In this 8-week course, we were told that latest neuroscience and brain research indicates that positive emotions contribute to important life outcomes, including friendship development, higher incomes and better physical health. People who experience frequent positive emotions have even been shown to live longer.

Impressive, right?

How does joy and celebration do this? Why do people’s fleeting and subtle pleasant states pave the way to their later success, health, and longevity? Because positive emotions arise in response to diffuse opportunities, rather than narrowly-focused threats (which are usually only perceived threats, but our nervous system reacts to with fight, flight and freeze trauma responses anyways).

Positive emotions momentarily broaden people’s attention and thinking, enabling them to draw on higher-level connections and a wider-than-usual range of percepts or ideas. In turn, these broadened outlooks often help people to discover and build consequential personal resources. These resources can be cognitive, like the ability to mindfully attend to the present moment; psychological, like the ability to maintain a sense of mastery over environmental challenges; social, like the ability to give and receive emotional support; or physical, like the ability to ward off the common cold.

People with these resources are more likely to effectively meet life’s challenges and take advantage of its opportunities, becoming successful, healthy, and happy in the months and years to come.
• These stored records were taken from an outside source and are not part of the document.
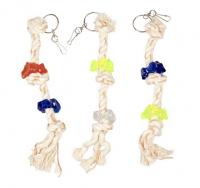 Duvo Plus Rope With Knots&Acrylic, 28cm - rotaļlieta vidējiem un lieliem papagaiļiem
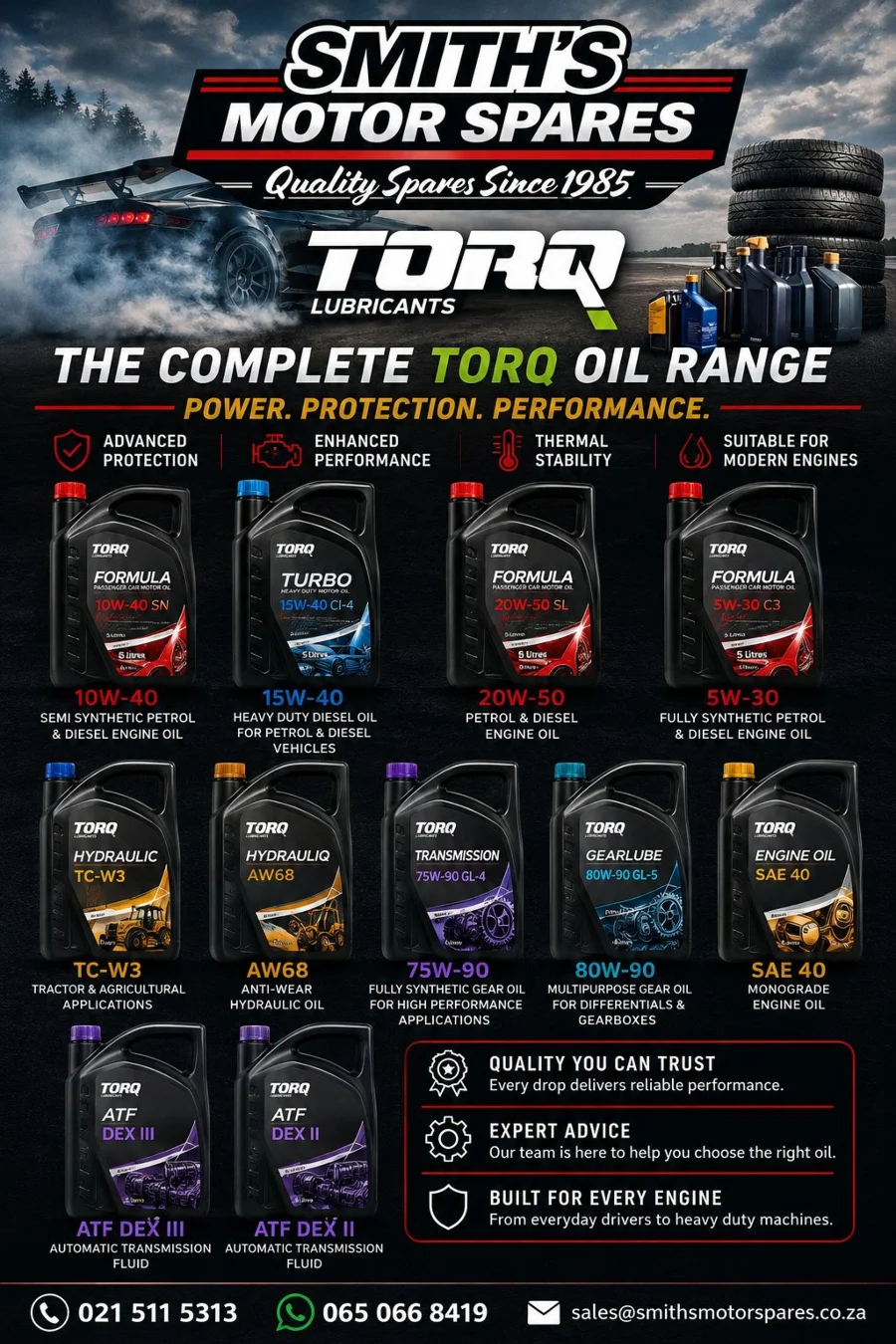 Complete TORQ oil range built for every engine - Smiths Motor Spares Complete TORQ oil range built for every engine - Smiths Motor Spares
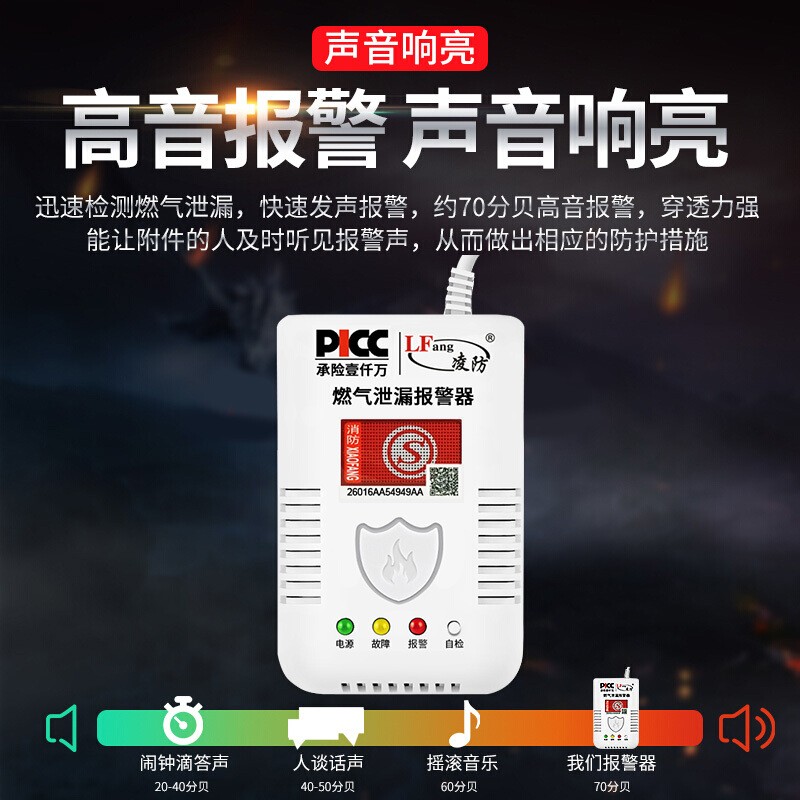 立可安新国标 燃气报警器 天然气报警器家用厨房煤气泄漏自动切断阀 燃气报警器店长推荐款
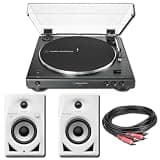 Audio-Technica AT-LP60XBT-BK Bluetooth Turntable Bundle with Pioneer DM-40D-BT-W White Powered Monitors and Hosa Cable — Belt-Drive Vinyl Record Player for Vinyl Listening, Home Audio, Desktop Hi-Fi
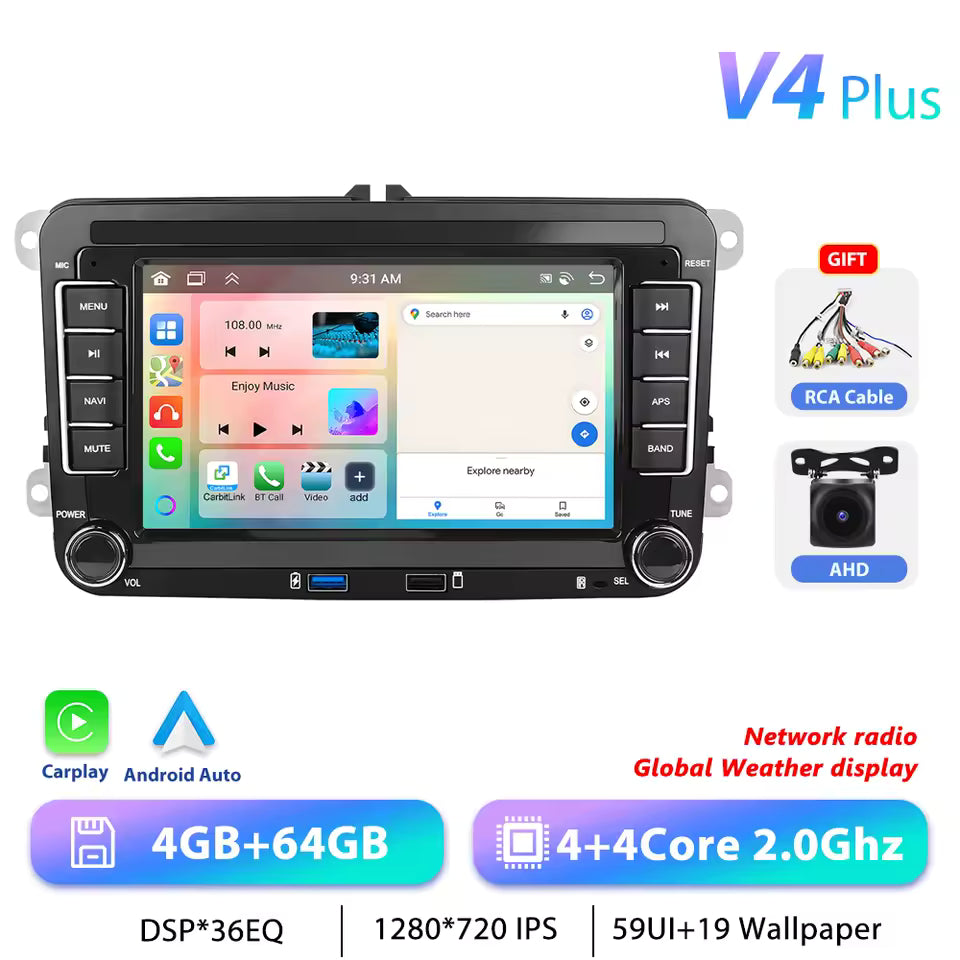 Podofo 7" 9" CarPlay Android Car Radio For Volkswagen VW Golf Passat JETTA Skoda SEAT Car Intelligent System 2din GPS Autoradio Mağazam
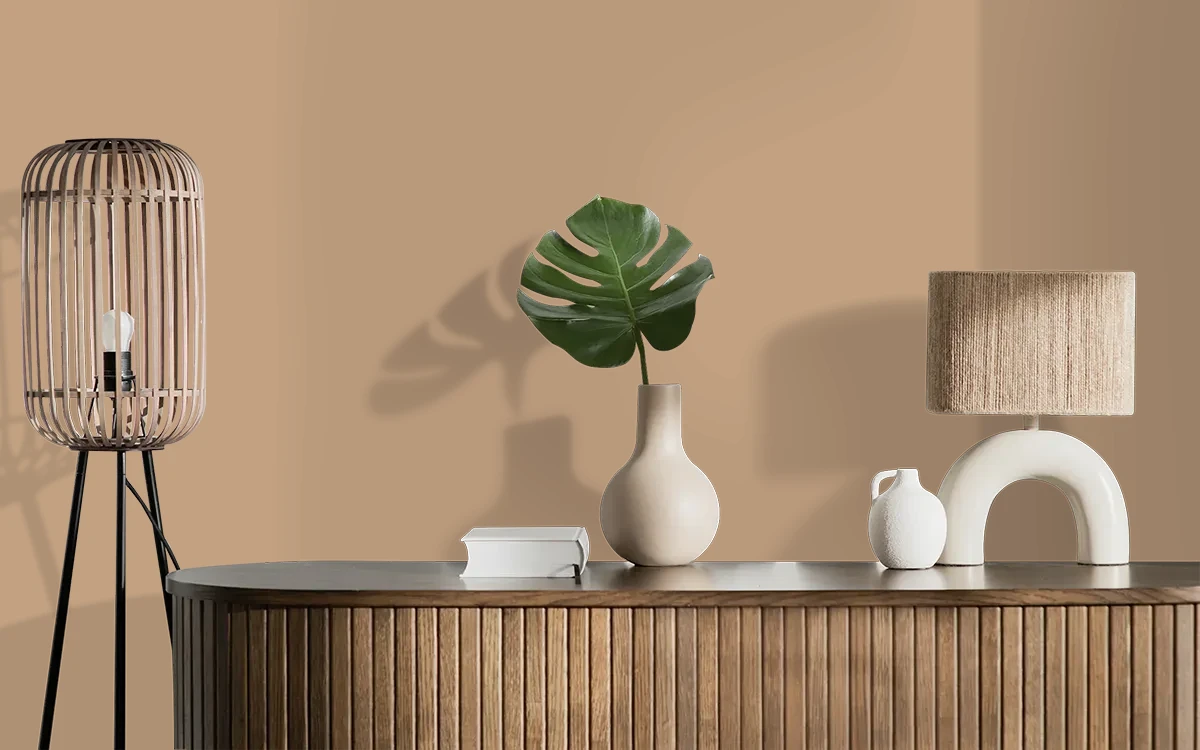 Nippon Paint's CARAMEL DELIGHT color on different wall surfaces.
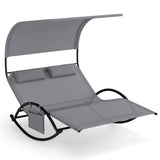 Outdoor Dual Rocker Sunbed 2-Person Canopied Patio Lounger with Detachable Headrests-Gray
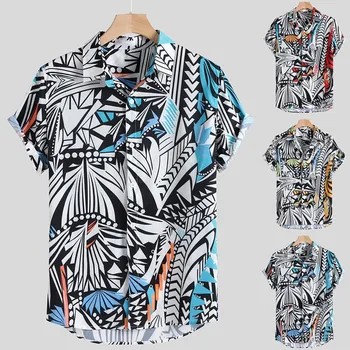 

2020 Summer Mens Hit Color Printing Turn Down Collar Short Sleeve Loose Casual Shirt Beach Tops Mens Shirts Casual Clothes #C12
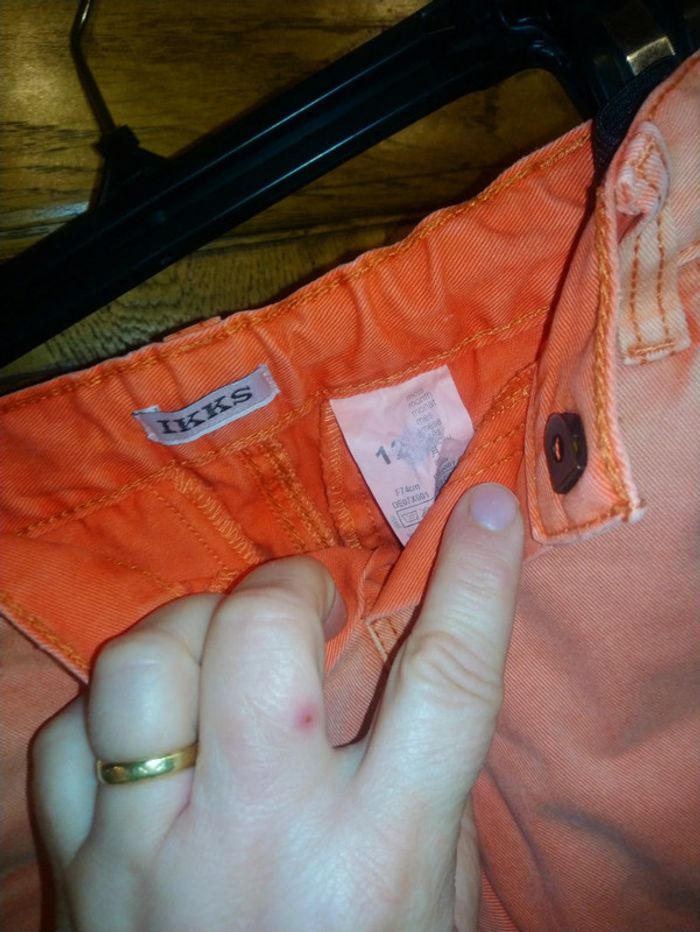 Joli jean IKKS orange et corail taille 12 mois en excellent état - photo numéro 5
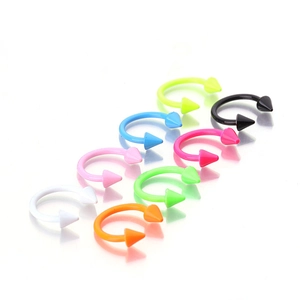 Set of 8 colorful C-shaped horseshoe rings with cone spikes for nose and ear piercing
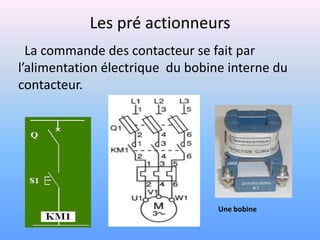 Les pré actionneurs
  La commande des contacteur se fait par
l’alimentation électrique du bobine interne du
contacteur.




                                  Une bobine
 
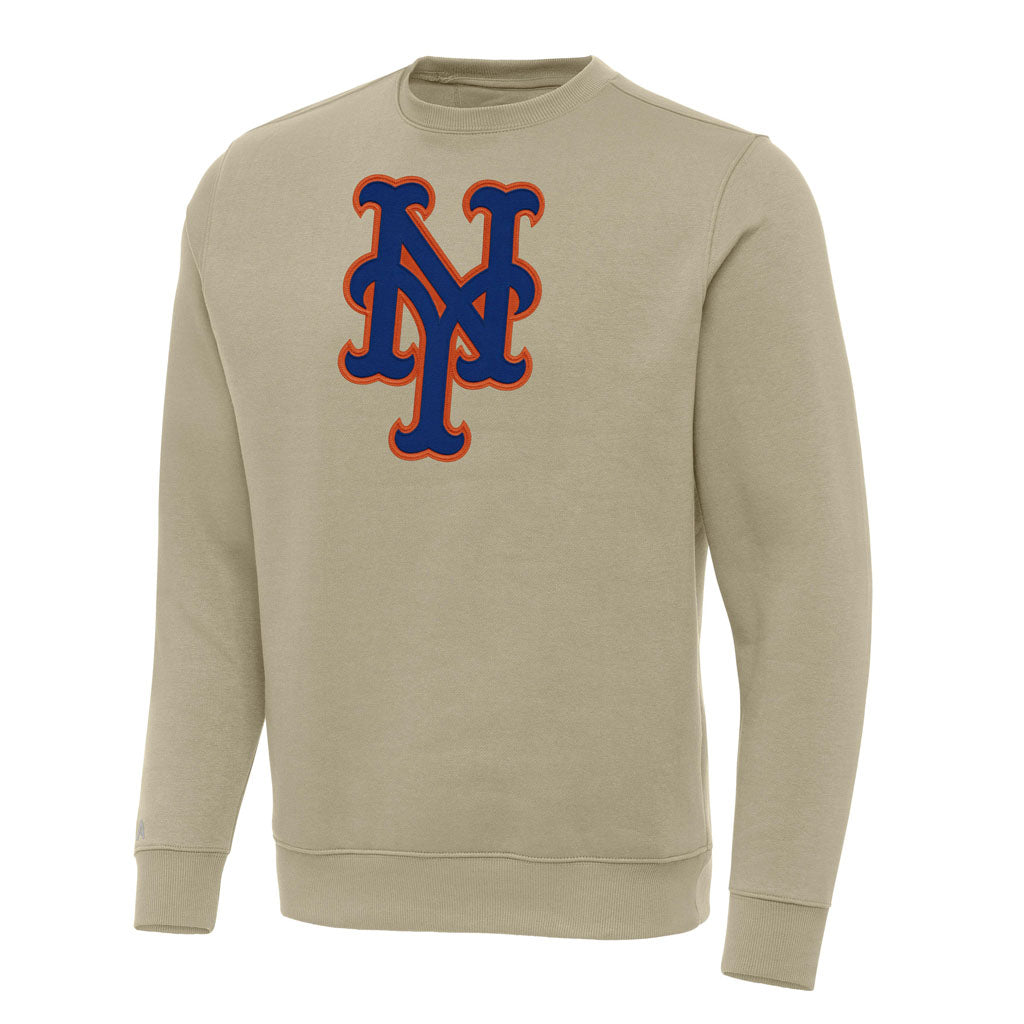 MLB New York Mets Antigua Full Front Victory Crewneck Sweater - Khaki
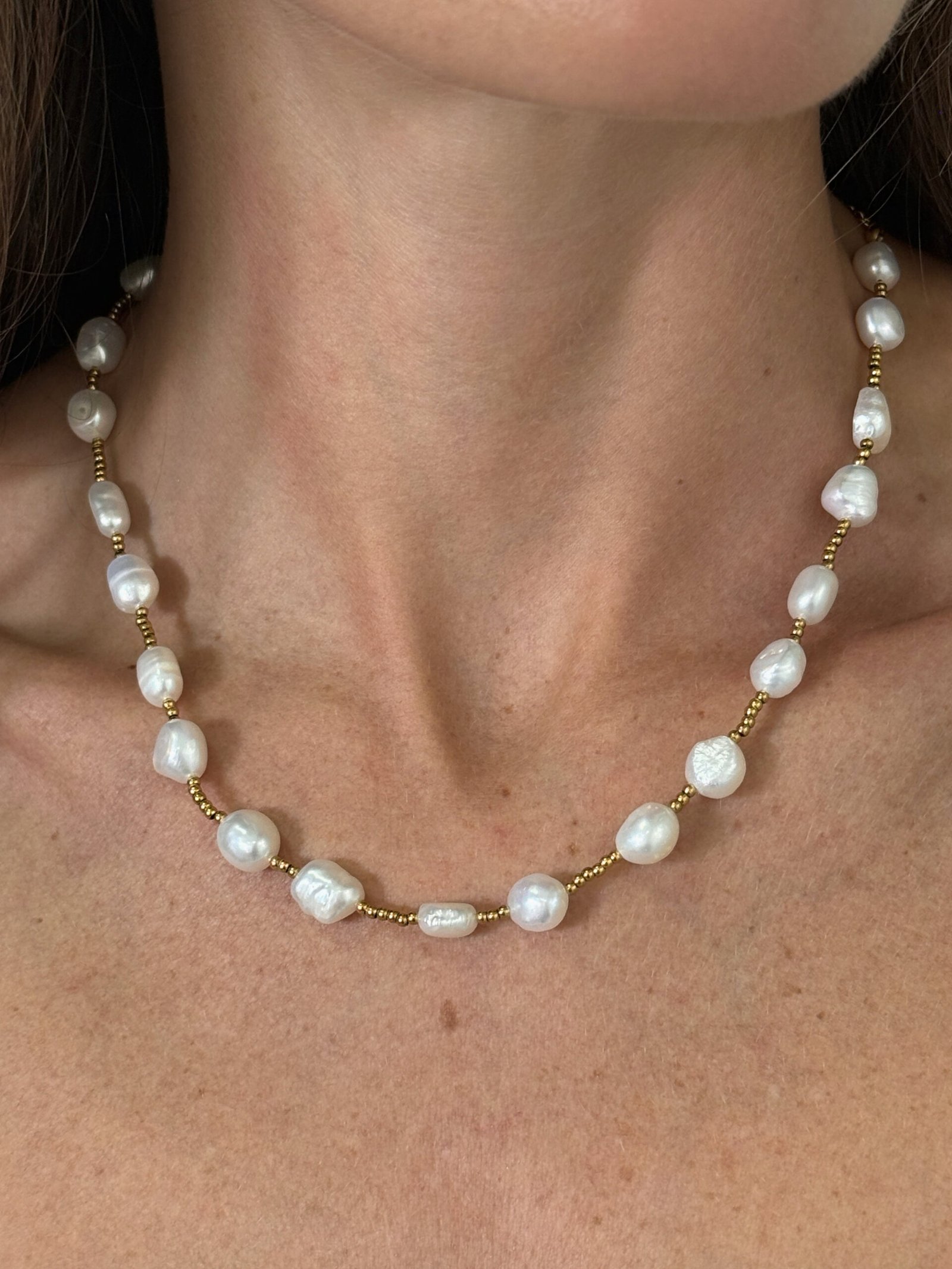 Collar con perlas cultivadas y separadores de acero - Imagen 4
The second part of the theory is that positive emotions set people on trajectories of growth that, over time, build consequential personal resources. Studies have shown that people who, for whatever reasons, experience or express positive emotions more than others show increases over time in optimism and tranquility, self confidence, mental health, and the quality of their close relationships.

If you want to know more about the science behind this, here are two resources:
1. A video lecture by Barbara L. Fredrickson, Ph.D.
2. An article on how positive emotions build consequential personal resources from the National Institute of Health

So, now that we have so much scientific backing, let’s make sure we focus on positive emotions like joy and celebration! I personally really needed to hear this, given the kind of deep work I do as my daily job, ministering to the darker aspects of humanity. On top of that, we Germans are conditioned to always be honest, to not live in “LaLa-land,” and never to deny what negativity might have been swept under the rug. So I was habitually looking at the glass half empty, so to speak.

Bringing in more gratitude, acknowledging the positive, and letting my heart be uplifted by all the beauty, goodness and truth that is in my life, has been an amazing practice for me. I am in turn much more resilient, compassionate, detached, and peaceful about approaching the shadow aspects of myself and others.